My questions are designed to restore at least a partial balance for my wife, so that she can remind herself that my opinions have validity, and are worthy of avoiding put-downs. My opinions are largely based on logic, and I am willing to discuss the underlying logic at most reasonable times.
I do not seek to dominate my wife to take on my beliefs. I am primarily interested in ordinary consideration and politeness when my wife is presenting alternative views, that my beliefs should not be deliberately conradicted, disrespected, or made wrong.
My current approach is to think up some balancing questions.
My wife and I are both somewhat ADHD, and have an ADHD son, 30 years old, close to finishing College. One of the occasionally co-existing traits of ADHD is ODD, Oppositional Defiant Disorder. The MMPI test has a Rebelliousness Evaluation Category. The DSM for ODD was revised in Dec 2006, as I recall. The revision took into account that ODD transcends into adulthood. The earlier 313.81 stated that ODD evaporated at age 18, similar to prior definitions of ADHD.New Text:
http://www.psychnet-uk.com/dsm_iv/oppos ... sorder.htm
I have felt that the ODD part of ADHD is a major factor in what causes a higher representation of ADHD individuals in prison populations. My term Make Wrong is an outgrowth of my study of the ODD component of the ADHD in my son. What Parents should Know About ODD by Dr. James Sutton, docspeak.com Link:
http://www.docspeak.com/
So it is difficult for readers to know if I am really a victim of a make-wrong artist, or if I am simply an over-bearing person, who percieves my wife as being overly non-compliant.

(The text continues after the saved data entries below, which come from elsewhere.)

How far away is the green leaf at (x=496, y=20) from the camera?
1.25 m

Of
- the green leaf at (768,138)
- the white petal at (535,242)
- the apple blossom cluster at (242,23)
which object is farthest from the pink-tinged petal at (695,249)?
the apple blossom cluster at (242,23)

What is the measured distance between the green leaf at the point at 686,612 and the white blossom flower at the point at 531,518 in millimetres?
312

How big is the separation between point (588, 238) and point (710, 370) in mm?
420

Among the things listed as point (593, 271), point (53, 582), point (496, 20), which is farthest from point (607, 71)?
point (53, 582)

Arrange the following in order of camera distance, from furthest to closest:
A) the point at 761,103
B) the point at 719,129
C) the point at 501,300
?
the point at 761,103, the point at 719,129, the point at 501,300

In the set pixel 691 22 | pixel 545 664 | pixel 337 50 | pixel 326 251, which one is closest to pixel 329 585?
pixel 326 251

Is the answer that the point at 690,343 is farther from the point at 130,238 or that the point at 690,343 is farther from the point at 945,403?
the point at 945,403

I am applying the philosophy that if something in the marriage or household bothers me, then I should be the one to take a lead in taking steps to alleviate or resolve the problem. I am defining the problem as that my wife forgets the logical basis for my beliefs. One possible solution is for me to devise a list of questions, that reminds my wife of the logical underpinning of my values. Just as basic, that if the bathroom sink has soap build up, that bothers me, then I can be the one to get out the cleanser and a sponge, then apply elbow grease.